Life has improved so much for Sydney’s gulls that many have evolved into indolent sports addicts. They can often be seen studying the form at Randwick racecourse, or munching pie crusts and cold chips at football matches.
On June 6 1999 a capacity flock arrived at the SCG to witness Aussie Rule’s player ‘Plugger’ Lockett kick his record breaking 1,300th goal. It is said that the birds’ harsh calls miraculously transformed to melodious caroling as they joined the crowd in singing; ‘There’s only one Tony Lockett!’ However, they are primarily cricket fans.

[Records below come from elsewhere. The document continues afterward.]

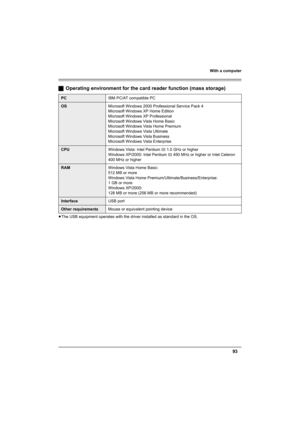 Page 93With a computer
93
ªOperating environment for the card reader function (mass storage)
≥The USB equipment operates with the driver installed as standard in the OS.
PCIBM PC/AT compatible PC
OSMicrosoft Windows 2000 Professional Service Pack 4
Microsoft Windows XP Home Edition
Microsoft Windows XP Professional
Microsoft Windows Vista Home Basic
Microsoft Windows Vista Home Premium
Microsoft Windows Vista Ultimate
Microsoft Windows Vista Business
Microsoft Windows Vista Enterprise
CPUWindows Vista: Intel...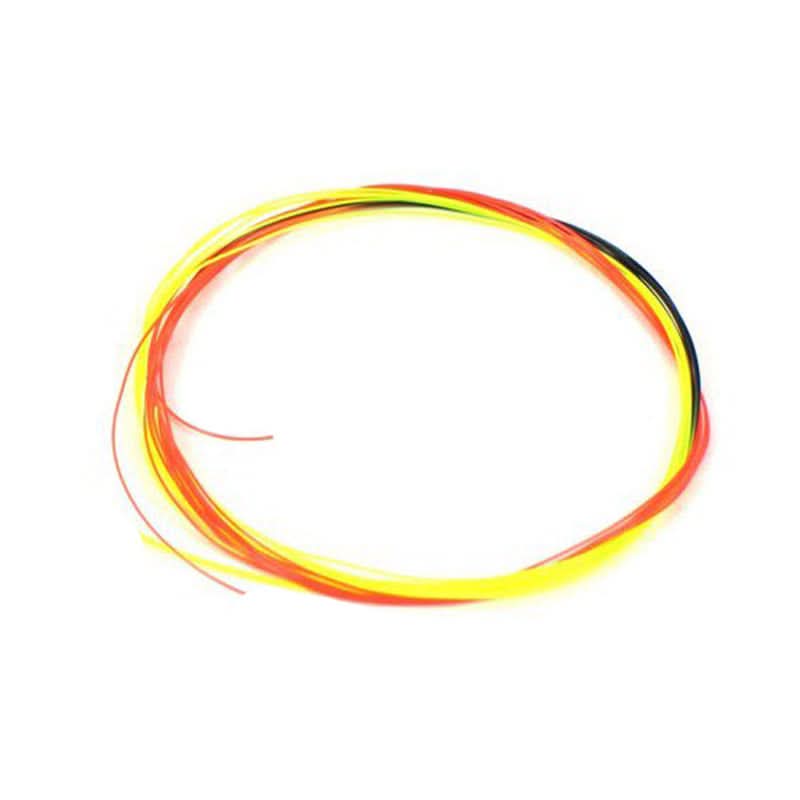 Hends Competition Indicator - Go - Fish
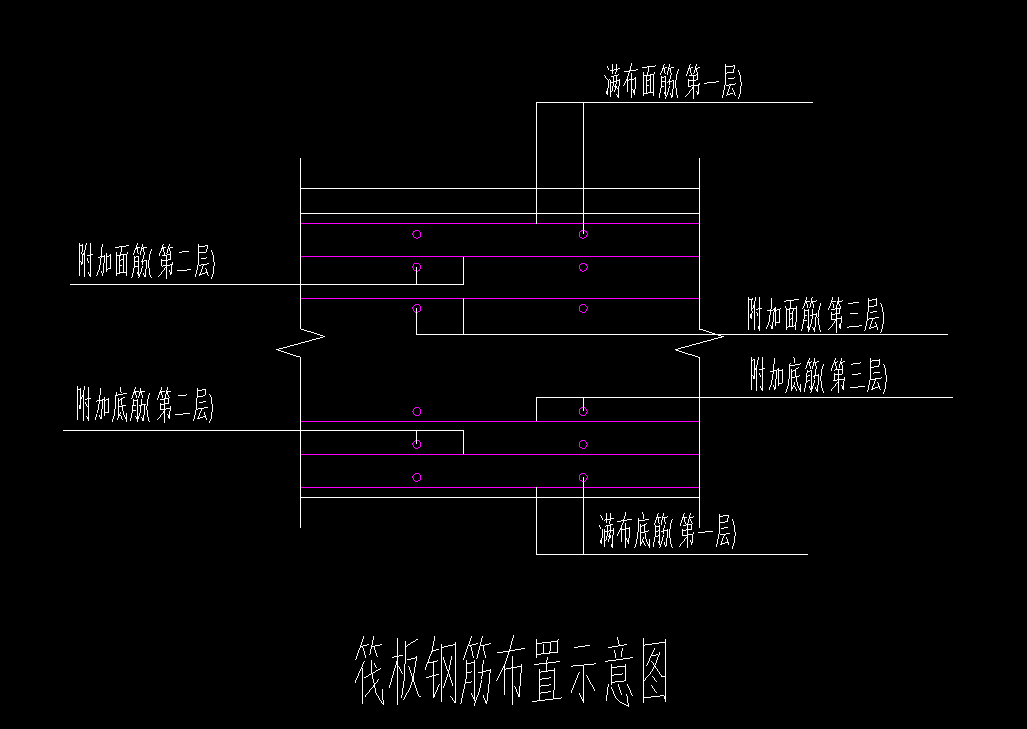 筏板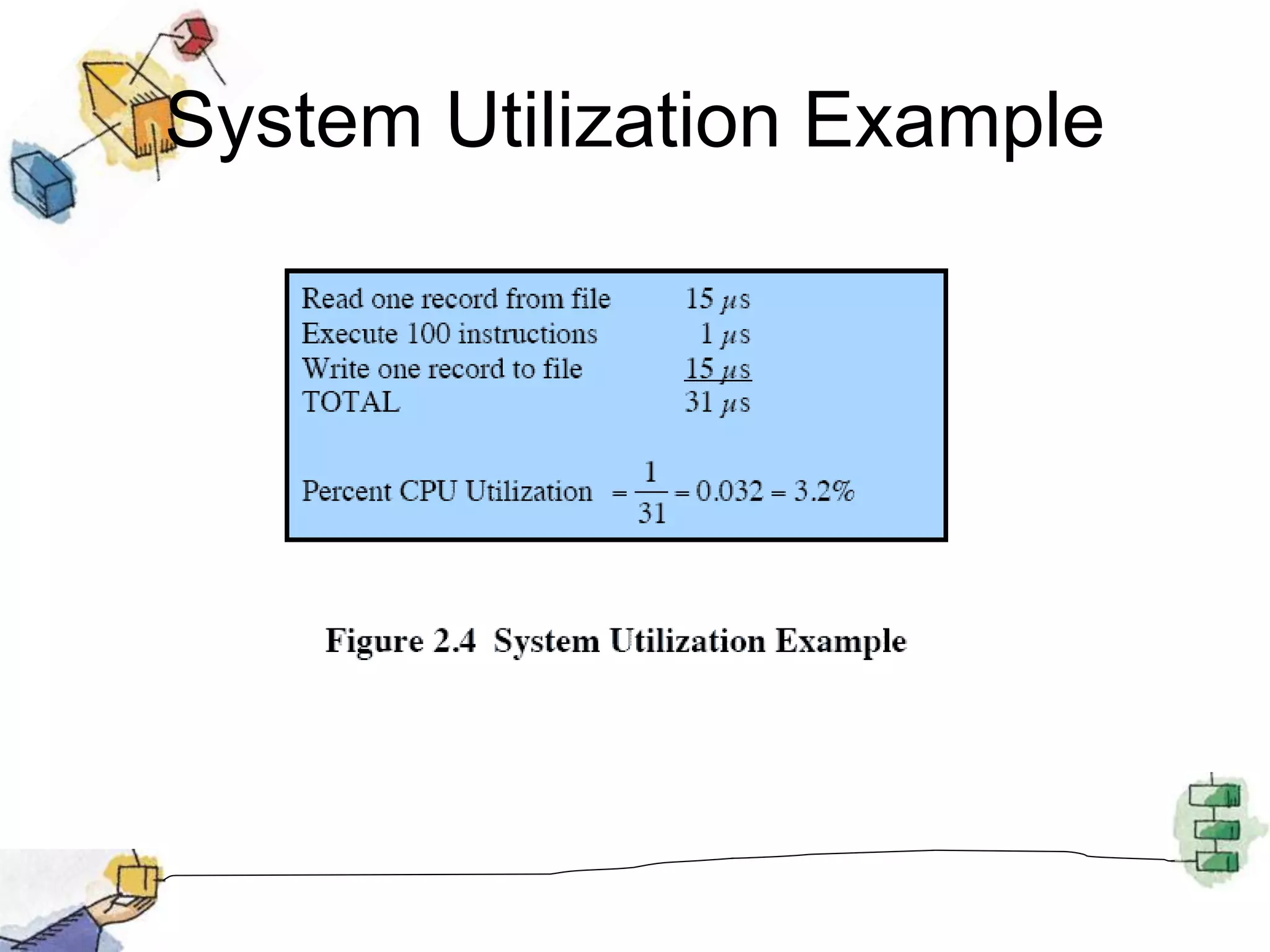 System Utilization Example
 
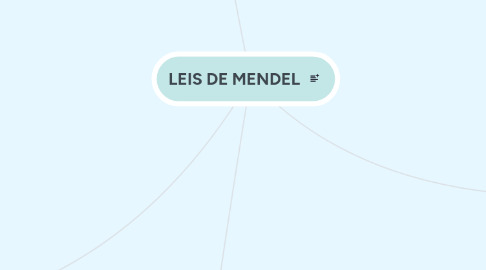 Mind Map: LEIS DE MENDEL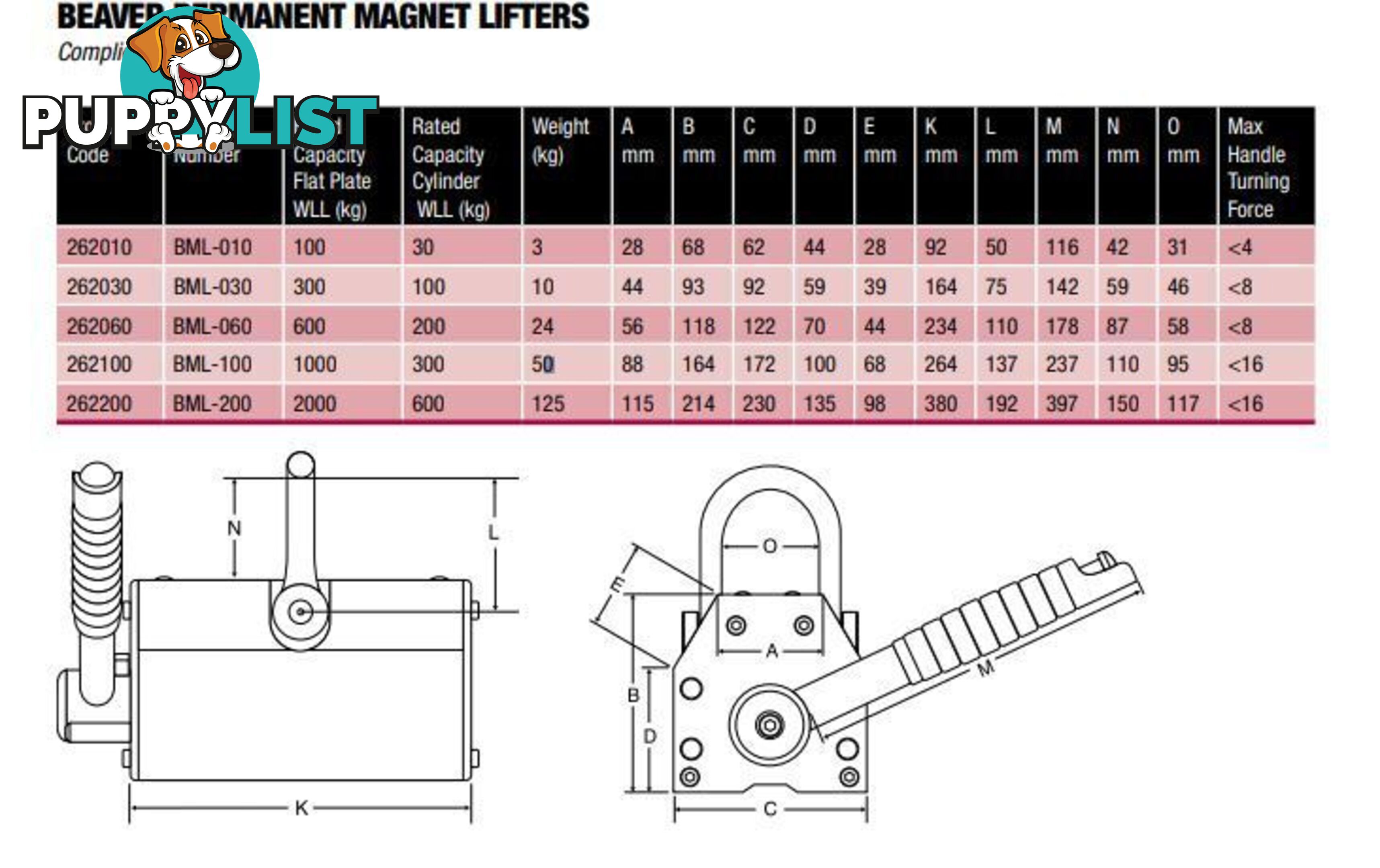 Permanent Magnet Lifter Beaver 2620_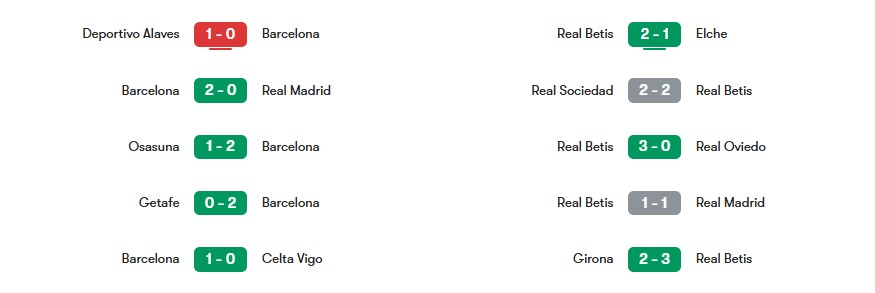 Phong độ gần nhất của Barcelona vs Real Betis | Keolive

They spend long, balmy days at test matches, sipping dregs of beer until forced to make the journey home by bus and ferry rather than by air. Click HERE to see how dangerous this can be!
According to urban mythology, Sydney’s sacred ibis are a scary mutation of the seagull. The story goes that over succeeding generations, one strain became larger, more athletic, and far more aggressive.
Instead of lolling about at the SCG, ibis roam Hyde Park and the Botanic Gardens, mugging defenceless tourists. Some say the bend in their beaks is the result of constant entanglements with the straps of Nikon cameras. Bizarrely, those beaks have evolved to a length of about six inches – long enough to reach the bottom of a McDonalds’ chip carton.
The evolutionary process has also affected the birds’ call. Apart from uttering a low grunt when annoyed, they have learned to be silent, which allows them to sneak up on unwary picnickers.
If ibis are the sinister hoods of the CBD, sulphur crested cockatoos are the mindless vandals of the suburbs. They career into backyards; their bright yellow crests unnervingly similar to the colour patches worn by American street gangs.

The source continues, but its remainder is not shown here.